Meet Captain Duncan Maclain. Blinded during his service in the first World War, Maclain made up for his lack of vision by sharpening his other senses, achieving a mastery of the subtle unseen clues often missed by those who see only with their eyes. Aided by his dogs Schnucke and Driest, the Captain puts the intelligence-gathering techniques he learned in the Army to work, making a name for himself as New York City’s most sought-after private detective. Now it’s 1940, there’s a second World War breaking out, and Maclain is pulled into a case unlike any he’s investigated before.

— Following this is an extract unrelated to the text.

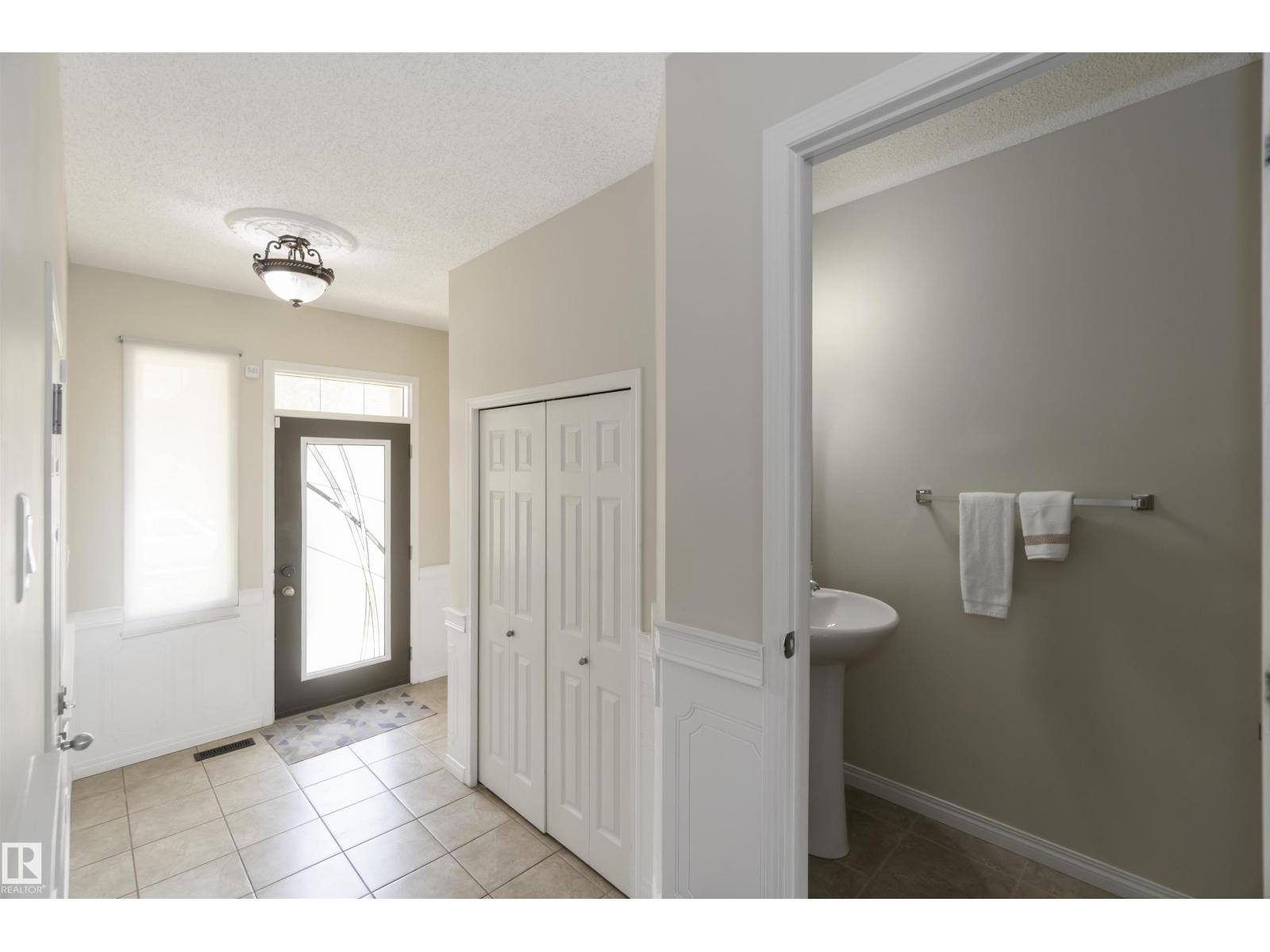 Photo 29 of 1634 Chapman Way Sw, Edmonton AB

The murder of an actor in his Greenwich Village apartment would cause a stir no matter the circumstances but, when the actor happens to possess secret government plans, and when those plans go missing along with the young woman with whom he was last seen, it’s sensational enough to interest not only the local police, but the American government as well.
Maclain suspects a German spy plot at work and, in a world where treasonous men and patriots are indistinguishable to the naked eye, it will take his special skills to sniff out the solution.
Reissued for the first time in over a half-century, Odor of Violets is the most well-known installment in the long-running Duncan Maclain series, which featured one of crime fiction’s earliest disabled detectives. The novel, filmed in 1942 as Eyes in the Night, is a classic hybrid of mystery and espionage fiction.
PUBLISHERS WEEKLY
Kendrick (1894 1977), a now obscure founder of the Mystery Writers of America, gets his due in this terrific reissue, first published in 1941. As Kendrick explains in the foreword, a sightless soldier he encountered in England in 1917, who rattled off a stunning series of deductions about Kendrick that would have done Sherlock Holmes proud, was the inspiration for detective Duncan Maclain, a former U.S. Army captain who was blinded during WWI and whose abilities derive from his other senses. In the late 1930s, Maclain is working as a PI in Manhattan when he's visited by Paul Gerente, "once a famous stage name," who claims to represent Naval Intelligence. The actor asks for Maclain's help identifying vulnerabilities in the city's infrastructure defenses, in anticipation of an attack by German saboteurs. After the man's departure, Maclain suspects he was an imposter. When he goes to Gerente's apartment, he finds the thespian bludgeoned to death, and the plot careens into a series of twists. Kendrick keeps his concept believable, while tossing in enough action and surprises to keep the pages turning. This is an outstanding addition to the American Mystery Classics series.